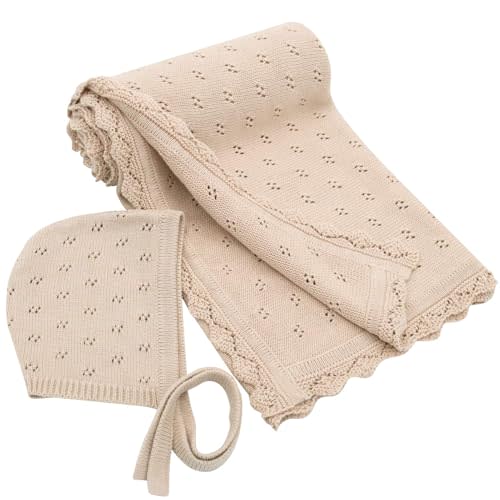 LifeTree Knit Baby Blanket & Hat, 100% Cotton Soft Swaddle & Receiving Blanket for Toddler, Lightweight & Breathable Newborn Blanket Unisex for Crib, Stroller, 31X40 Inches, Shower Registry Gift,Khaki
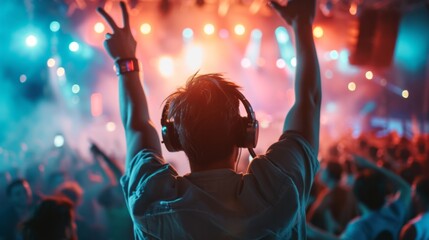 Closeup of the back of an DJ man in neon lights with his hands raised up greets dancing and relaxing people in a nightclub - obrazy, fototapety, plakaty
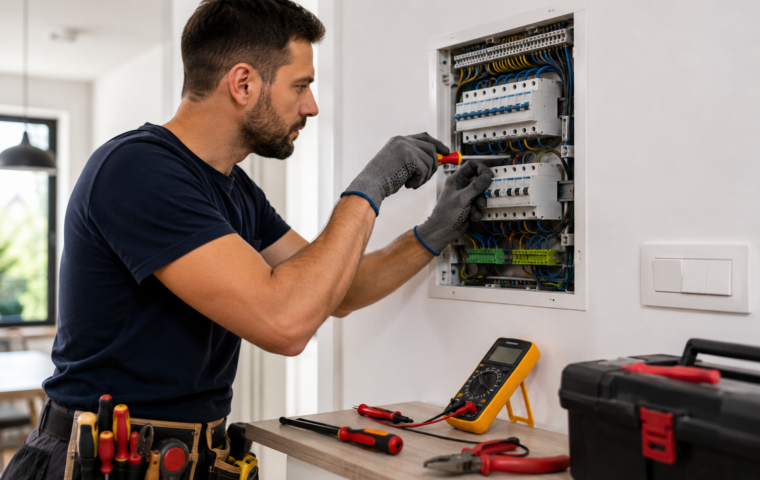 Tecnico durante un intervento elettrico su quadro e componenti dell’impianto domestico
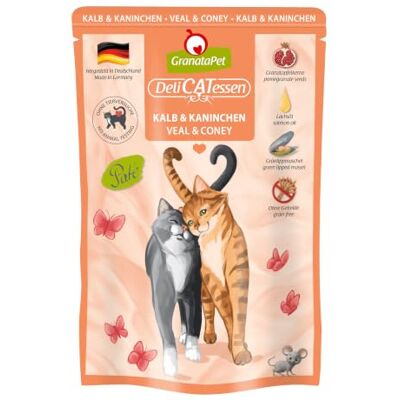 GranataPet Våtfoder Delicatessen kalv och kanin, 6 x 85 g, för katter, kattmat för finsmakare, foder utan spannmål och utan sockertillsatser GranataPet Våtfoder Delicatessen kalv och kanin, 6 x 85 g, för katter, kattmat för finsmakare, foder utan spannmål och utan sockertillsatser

[Exercise] For this exercise, write out the listing verbatim and leave every image out.

[Your solution]
 LifeTree Knit Baby Blanket & Hat, 100% Cotton Soft Swaddle & Receiving Blanket for Toddler, Lightweight & Breathable Newborn Blanket Unisex for Crib, Stroller, 31X40 Inches, Shower Registry Gift,Khaki
 Closeup of the back of an DJ man in neon lights with his hands raised up greets dancing and relaxing people in a nightclub - obrazy, fototapety, plakaty
 Tecnico durante un intervento elettrico su quadro e componenti dell’impianto domestico
 GranataPet Våtfoder Delicatessen kalv och kanin, 6 x 85 g, för katter, kattmat för finsmakare, foder utan spannmål och utan sockertillsatser GranataPet Våtfoder Delicatessen kalv och kanin, 6 x 85 g, för katter, kattmat för finsmakare, foder utan spannmål och utan sockertillsatser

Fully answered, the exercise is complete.